Они шли по улицам, которые менялись под ногами, как сцены в плохо поставленном спектакле: то викторианские фасады, то грязные кирпичные громады, то стеклянные офисы, у которых отражения были важнее самих людей. Гарри не задавал вопросов. Он слушал.

— Вот, — указал Коровьев на здание с надписью «Банк», — здесь хранятся чужие мечты и деньги. Люди приходят, отдают их под проценты, потом забывают, что мечтали вообще.

— Молчание — главная валюта современности, — негромко добавил Воланд. — Кто умеет молчать, тот управляет. Кто боится тишины — будет всегда в подчинении.

— А вот здесь, — продолжал Коровьев, — господин лорд Джереми однажды проклял весь парламент, перепутав кофе с чернилами. С тех пор оба напитка подаются в разных чашках.

— Я бы выпил и то и другое, — проворчал Бегемот. — В хорошем роме и чернила растворяются.

Они миновали мост, под которым никого не было. Потому что там давно поселилась тишина, плотная, как старое одеяло. Воланд обернулся к Гарри:

— Люди думают, что боятся зла. На самом деле они боятся последствий. Но самое страшное — не наказание, а отсутствие. Когда никто не придёт, не узнает, не отомстит, не спасёт. И тогда ты остаёшься с собой. Вот тогда начинается суд.

— Гарри, — говорил Коровьев, вытаскивая из кармана глобус и стуча по нему костяшкой пальца, — человечество — это такой народ... Не в смысле национальность, а в смысле профессия. Они строят империи, чтоб потом по ним водить экскурсии. Они придумывают богов, чтоб было на кого жаловаться в пятницу вечером. А потом — о, потом! — сжигают всё это в каминах собственного цинизма. Как по мне, это достойно аплодисментов.

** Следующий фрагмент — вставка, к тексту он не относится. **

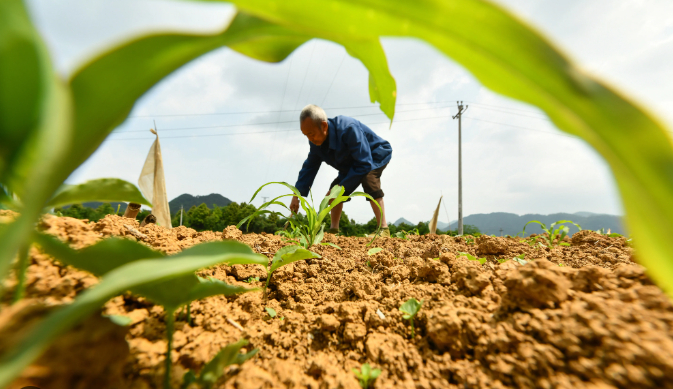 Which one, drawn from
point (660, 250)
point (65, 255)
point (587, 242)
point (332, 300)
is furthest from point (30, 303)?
point (587, 242)

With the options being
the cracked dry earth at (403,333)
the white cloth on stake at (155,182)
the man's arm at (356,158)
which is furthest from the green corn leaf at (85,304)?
the man's arm at (356,158)

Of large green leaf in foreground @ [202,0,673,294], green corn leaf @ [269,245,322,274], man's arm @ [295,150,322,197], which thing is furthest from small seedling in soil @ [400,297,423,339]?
man's arm @ [295,150,322,197]

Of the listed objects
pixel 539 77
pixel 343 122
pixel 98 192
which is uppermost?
pixel 343 122

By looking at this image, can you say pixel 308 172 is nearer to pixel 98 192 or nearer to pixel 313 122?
pixel 313 122

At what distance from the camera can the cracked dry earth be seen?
0.36 meters

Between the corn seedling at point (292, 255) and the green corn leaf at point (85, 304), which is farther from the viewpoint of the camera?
the corn seedling at point (292, 255)

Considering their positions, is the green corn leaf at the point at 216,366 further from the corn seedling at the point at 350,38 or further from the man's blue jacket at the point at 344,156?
the man's blue jacket at the point at 344,156

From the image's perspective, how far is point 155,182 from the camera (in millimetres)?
2449

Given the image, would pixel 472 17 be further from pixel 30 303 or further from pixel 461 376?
pixel 30 303

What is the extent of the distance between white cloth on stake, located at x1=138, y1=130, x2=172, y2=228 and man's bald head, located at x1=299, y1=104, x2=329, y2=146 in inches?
51.1

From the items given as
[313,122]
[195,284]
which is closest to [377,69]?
[195,284]

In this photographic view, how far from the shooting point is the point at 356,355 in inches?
22.3

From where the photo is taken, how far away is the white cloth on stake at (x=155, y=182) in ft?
7.66

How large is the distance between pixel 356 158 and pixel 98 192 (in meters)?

— Люди, — вдруг подхватил Воланд, — любят называть свои города «вечными». Смешно. Ни один город не вечен. Даже ад — лишь аренда на время. Вот тут, например, на этой улице, четыре века назад торговали ядом. Теперь — булочки и кофе без кофеина. Удивительный прогресс.

Пока они шли — улицы укорачивались. Окна домов, словно устав от наблюдения, отворачивались. Фонари становились кривыми, как старые усы. Мир начинал подчиняться не логике, а настроению. И настроение это было... сладкое, как ром, горькое, как старое вино, и туманное, как мечта о справедливости.

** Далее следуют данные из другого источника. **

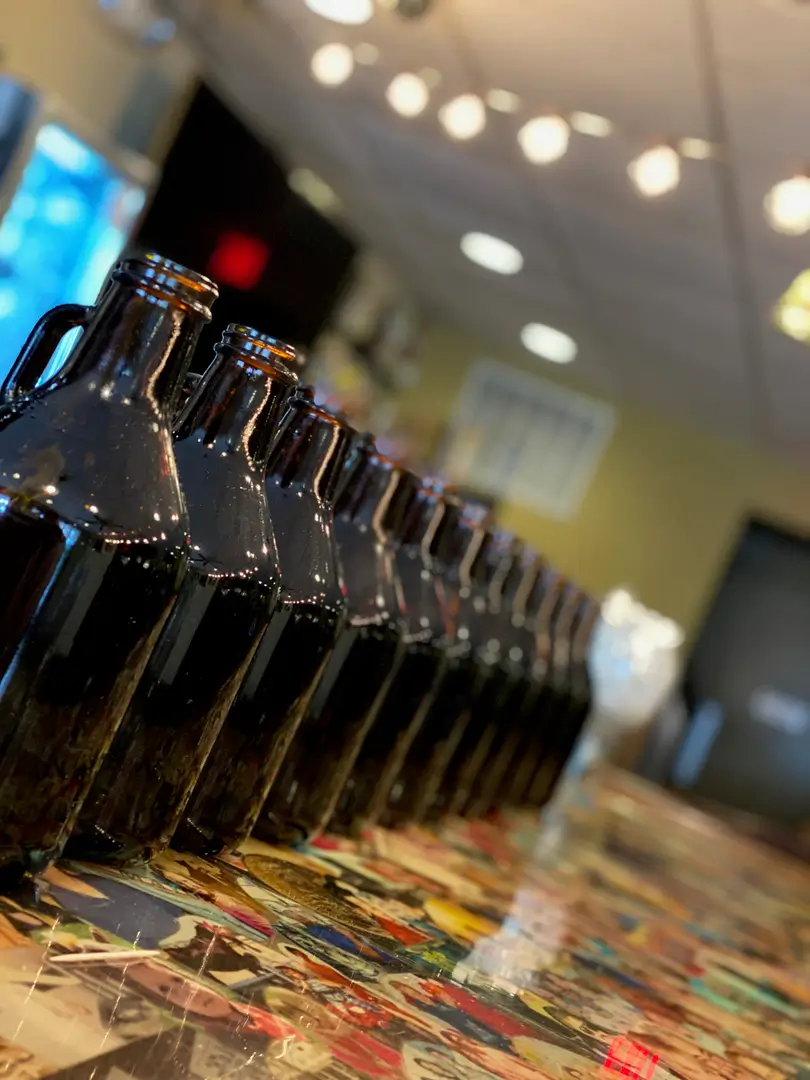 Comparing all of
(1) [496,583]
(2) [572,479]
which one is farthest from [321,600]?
(2) [572,479]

И вот, когда башня Биг-Бена сдвинулась вбок, словно решила немного отдохнуть, Воланд сказал:

— Пора домой.

Дом, куда они вернулись, не имел адреса. Он стоял в переулке между «Бейкер-стрит» и «Нигде». Без окон. Без зеркал. Без дверей, если не знаешь, как постучать. Внутри было тепло. Не телу — костям. Запах корицы, табака, дождя и подгоревшего пергамента.

Воланд не вошёл. Он встал у порога. И достал Книгу. Она была чёрной. Настолько чёрной, что на её поверхности не отражался свет. Дерево — гладкое, как масло. Замки — из меди, на которой дышали глифы. На корешке — ни слова. Только символ: два переплетённых зрачка.

— Это тебе, — сказал Воланд, протягивая книгу Гарри.

— Что с ней делать? — спросил Гарри, приняв книгу обеими руками, как куклу, которую не хочешь сломать.

— Читать, если умеешь. Думать, если осмелишься. И молчать. Это — молчаливая магия. Ты не будешь махать палочкой. Ты будешь желать.

И Воланд исчез. Не в тумане. Не в огне. А взглядом. Он посмотрел — и его не стало.

Ночь была вязкой. Дом заснул. Азазелло — стоя у двери. Коровьев — на люстре. Кот храпел в ванной, обнимая чайник и мурлыча похабные частушки. Гарри сидел на полу. Перед ним — Книга.

На первой странице не было текста. Только тёмное пятно. Как чернильная капля. Как глаз. Он коснулся её пальцем. В эту секунду город изменился. Сначала было кап-кап-кап. Где-то в Челси. Потом на Брикстон. Потом — на весь Лондон.

С неба падали капли чёрных чернил, жирных, вязких, пахнущих старой типографией и покаянными письмами. Они покрывали улицы, стекали по стеклам, расползались по крышам. Лондон стал страницей.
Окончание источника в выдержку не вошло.